Summers told The Crimson the decision was “difficult.” Still, he is “grateful to the thousands of students and colleagues I have been privileged to teach and work with since coming to Harvard as a graduate student 50 years ago.”
“Free of formal responsibility, as President Emeritus and a retired professor, I look forward in time to engaging in research, analysis, and commentary on a range of global economic issues,” he said.
Epstein-related documents released by the Justice Department in December revealed that Summers had been named as a successor executor in a 2014 draft of Epstein’s will, meaning he would have been responsible for managing the financier’s estate if the primary executors could not serve, The Crimson reported.
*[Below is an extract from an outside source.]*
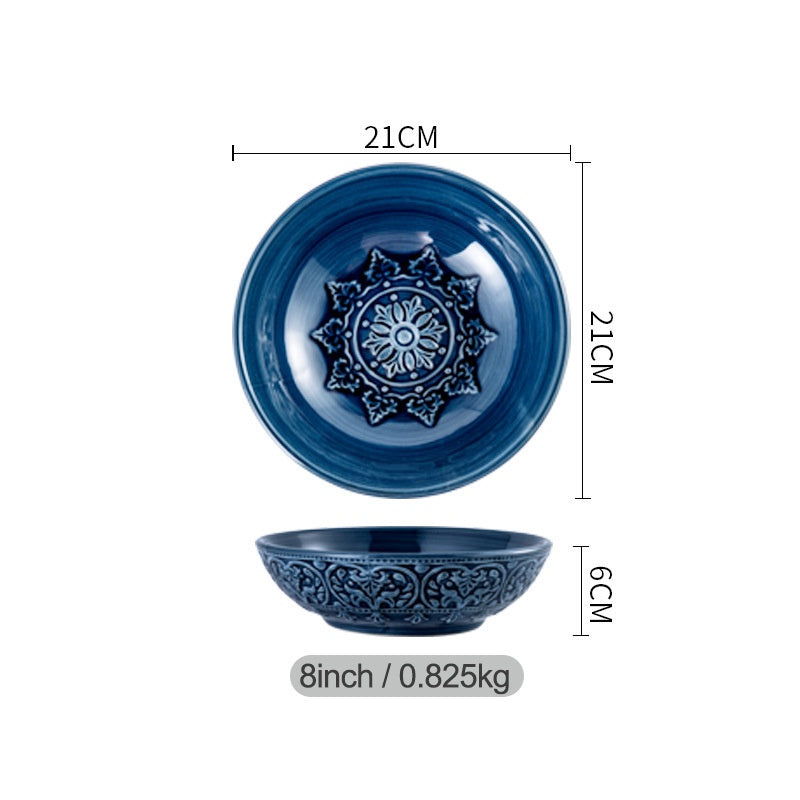 Flat Ware Household Bowl Nordic Ceramic Plate Dishes Creative Personalized Dishes Baked Rice Bowl Nordic Style Plate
Summers first apologized for his close relationship with Epstein in November, The College Fix reported.
At the time, he said he would continue teaching, but stepped away from the Center for American Progress and Yale’s Budget Lab research center.
In a 2018 email, Summers told Epstein he was a “very good wingman” and detailed his efforts to pursue a woman, according to Inside Higher Ed.
“I take full responsibility for my misguided decision to continue communicating with Mr. Epstein,” he said.
Summers and Epstein regularly messaged each other about women, politics, and Harvard-related projects for at least seven years, with their contact continuing as late as July 2019, just one day before Epstein’s final arrest, according to The Harvard Crimson.
But Summers is not the only Harvard faculty member with connections to Epstein.
Mathematics professor Martin Nowak is on paid administrative leave as of this week while Harvard launches a formal investigation into his past ties to the convicted sex offender, The Crimson reported.
In an email to Harvard staff, Dean of the Faculty of Arts and Sciences Hopi Hoekstra announced the decision.
“New information about Professor Nowak has come to light as part of the University’s review of documents released by the U.S. Department of Justice regarding Jeffrey Epstein. A panel of the FAS Faculty Conduct Committee (FCC) reviewed this information and recommended that FAS conduct a formal investigation to determine whether Professor Nowak violated FAS or University policies and standards of professional conduct,” Hoekstra wrote.